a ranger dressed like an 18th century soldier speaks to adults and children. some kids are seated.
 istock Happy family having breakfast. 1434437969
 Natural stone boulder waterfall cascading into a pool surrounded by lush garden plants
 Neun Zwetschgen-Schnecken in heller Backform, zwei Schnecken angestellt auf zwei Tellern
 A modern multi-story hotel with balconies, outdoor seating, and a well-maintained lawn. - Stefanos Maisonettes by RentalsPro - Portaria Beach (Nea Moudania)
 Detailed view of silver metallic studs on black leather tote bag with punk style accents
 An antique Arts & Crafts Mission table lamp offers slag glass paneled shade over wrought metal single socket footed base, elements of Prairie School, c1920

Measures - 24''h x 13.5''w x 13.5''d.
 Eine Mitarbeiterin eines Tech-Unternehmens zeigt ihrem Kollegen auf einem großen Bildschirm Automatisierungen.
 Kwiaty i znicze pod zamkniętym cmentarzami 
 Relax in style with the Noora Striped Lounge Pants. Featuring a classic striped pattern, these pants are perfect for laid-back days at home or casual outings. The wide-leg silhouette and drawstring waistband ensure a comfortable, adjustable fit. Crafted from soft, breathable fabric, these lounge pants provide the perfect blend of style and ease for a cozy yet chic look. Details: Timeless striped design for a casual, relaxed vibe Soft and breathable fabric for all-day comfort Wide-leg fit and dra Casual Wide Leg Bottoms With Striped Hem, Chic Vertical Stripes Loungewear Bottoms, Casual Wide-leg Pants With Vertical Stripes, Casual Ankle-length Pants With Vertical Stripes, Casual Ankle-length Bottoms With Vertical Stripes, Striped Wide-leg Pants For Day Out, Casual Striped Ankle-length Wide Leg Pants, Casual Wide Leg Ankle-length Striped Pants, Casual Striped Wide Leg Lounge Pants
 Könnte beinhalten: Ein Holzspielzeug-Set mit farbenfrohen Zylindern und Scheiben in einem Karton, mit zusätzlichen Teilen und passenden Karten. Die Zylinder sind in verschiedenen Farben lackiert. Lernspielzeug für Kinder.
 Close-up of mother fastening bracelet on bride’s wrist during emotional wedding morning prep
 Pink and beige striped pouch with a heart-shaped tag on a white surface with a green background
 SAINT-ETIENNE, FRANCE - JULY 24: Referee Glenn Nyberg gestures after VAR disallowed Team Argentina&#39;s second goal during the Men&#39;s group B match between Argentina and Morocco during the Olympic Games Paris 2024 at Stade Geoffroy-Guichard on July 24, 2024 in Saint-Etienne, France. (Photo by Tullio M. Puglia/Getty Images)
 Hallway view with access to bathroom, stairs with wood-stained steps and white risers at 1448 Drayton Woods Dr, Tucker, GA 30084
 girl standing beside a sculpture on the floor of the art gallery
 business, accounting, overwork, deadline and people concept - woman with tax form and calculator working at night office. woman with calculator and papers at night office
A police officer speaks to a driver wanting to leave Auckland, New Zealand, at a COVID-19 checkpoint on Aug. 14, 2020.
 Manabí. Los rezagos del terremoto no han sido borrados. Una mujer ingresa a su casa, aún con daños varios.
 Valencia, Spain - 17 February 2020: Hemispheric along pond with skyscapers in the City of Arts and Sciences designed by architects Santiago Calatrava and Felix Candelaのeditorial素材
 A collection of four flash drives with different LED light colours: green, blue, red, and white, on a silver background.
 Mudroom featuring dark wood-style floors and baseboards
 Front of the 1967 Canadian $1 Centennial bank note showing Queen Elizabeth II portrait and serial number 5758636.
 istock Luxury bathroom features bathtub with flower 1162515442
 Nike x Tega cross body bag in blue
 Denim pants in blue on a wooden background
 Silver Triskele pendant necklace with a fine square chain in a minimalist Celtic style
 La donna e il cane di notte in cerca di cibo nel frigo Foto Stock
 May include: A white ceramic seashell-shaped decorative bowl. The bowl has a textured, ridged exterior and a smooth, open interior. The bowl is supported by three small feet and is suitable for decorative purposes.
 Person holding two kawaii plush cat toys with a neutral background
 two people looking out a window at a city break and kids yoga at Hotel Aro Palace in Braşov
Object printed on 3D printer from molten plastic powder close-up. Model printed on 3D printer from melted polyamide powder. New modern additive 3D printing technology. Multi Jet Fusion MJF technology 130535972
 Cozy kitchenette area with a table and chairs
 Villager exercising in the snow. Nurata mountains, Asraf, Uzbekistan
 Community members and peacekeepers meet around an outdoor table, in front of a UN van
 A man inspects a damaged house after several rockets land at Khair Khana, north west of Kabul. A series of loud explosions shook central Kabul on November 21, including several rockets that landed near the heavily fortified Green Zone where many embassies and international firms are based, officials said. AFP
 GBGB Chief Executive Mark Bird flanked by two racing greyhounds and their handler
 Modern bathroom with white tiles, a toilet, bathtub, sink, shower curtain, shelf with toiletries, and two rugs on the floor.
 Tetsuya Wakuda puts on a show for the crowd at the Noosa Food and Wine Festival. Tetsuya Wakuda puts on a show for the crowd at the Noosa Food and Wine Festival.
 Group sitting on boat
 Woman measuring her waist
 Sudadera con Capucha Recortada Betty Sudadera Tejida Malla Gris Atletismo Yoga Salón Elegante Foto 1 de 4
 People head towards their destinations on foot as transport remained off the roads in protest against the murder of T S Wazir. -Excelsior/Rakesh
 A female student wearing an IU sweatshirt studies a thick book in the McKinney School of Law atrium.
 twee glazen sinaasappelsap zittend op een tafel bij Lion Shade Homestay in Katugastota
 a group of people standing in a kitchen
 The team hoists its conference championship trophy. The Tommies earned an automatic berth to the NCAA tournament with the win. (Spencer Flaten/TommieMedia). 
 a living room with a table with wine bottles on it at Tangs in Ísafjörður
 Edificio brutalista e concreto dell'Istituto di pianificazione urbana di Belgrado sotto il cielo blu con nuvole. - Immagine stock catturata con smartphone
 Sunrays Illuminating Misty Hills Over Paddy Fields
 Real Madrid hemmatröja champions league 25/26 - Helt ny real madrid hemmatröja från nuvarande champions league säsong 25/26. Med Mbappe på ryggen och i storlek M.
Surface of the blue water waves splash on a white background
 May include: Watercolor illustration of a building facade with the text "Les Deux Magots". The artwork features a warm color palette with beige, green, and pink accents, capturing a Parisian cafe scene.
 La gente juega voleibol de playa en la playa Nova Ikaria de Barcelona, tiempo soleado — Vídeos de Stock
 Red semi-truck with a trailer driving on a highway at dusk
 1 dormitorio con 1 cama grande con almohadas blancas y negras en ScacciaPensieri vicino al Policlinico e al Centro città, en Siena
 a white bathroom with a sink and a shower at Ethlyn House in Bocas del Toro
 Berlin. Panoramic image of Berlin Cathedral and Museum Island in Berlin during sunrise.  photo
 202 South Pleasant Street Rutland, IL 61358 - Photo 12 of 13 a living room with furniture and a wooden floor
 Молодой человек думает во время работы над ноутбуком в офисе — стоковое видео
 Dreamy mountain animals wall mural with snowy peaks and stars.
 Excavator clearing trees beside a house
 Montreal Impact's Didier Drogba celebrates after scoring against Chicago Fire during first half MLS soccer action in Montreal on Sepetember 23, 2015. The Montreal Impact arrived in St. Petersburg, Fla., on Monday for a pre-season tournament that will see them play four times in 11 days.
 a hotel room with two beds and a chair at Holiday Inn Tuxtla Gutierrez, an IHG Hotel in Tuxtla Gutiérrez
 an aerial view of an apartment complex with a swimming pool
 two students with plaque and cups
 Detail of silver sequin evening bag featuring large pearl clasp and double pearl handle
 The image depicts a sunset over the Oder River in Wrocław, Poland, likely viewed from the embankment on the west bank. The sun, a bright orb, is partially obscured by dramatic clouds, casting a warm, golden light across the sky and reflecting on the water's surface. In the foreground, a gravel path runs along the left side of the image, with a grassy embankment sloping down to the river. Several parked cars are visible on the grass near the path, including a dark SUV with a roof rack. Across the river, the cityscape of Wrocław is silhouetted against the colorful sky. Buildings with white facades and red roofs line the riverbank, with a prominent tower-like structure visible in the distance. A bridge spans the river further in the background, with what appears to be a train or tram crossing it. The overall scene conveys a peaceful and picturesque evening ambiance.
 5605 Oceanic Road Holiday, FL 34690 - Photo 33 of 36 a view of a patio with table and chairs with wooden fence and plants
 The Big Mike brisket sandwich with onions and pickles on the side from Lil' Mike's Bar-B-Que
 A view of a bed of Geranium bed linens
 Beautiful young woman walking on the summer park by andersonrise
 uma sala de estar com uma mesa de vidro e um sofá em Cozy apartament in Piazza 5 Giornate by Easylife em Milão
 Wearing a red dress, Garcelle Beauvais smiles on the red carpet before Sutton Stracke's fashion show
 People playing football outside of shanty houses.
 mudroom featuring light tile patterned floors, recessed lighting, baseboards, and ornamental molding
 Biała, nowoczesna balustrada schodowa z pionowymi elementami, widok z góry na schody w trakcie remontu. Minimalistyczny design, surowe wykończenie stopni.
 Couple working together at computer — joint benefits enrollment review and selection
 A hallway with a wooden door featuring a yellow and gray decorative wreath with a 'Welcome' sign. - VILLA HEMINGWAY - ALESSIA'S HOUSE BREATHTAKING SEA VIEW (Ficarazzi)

● ● ● ●

> [Task to complete] Find every line above that contains the word "floors", and return each one.

> [Exercise answer]
 Mudroom featuring dark wood-style floors and baseboards
 mudroom featuring light tile patterned floors, recessed lighting, baseboards, and ornamental molding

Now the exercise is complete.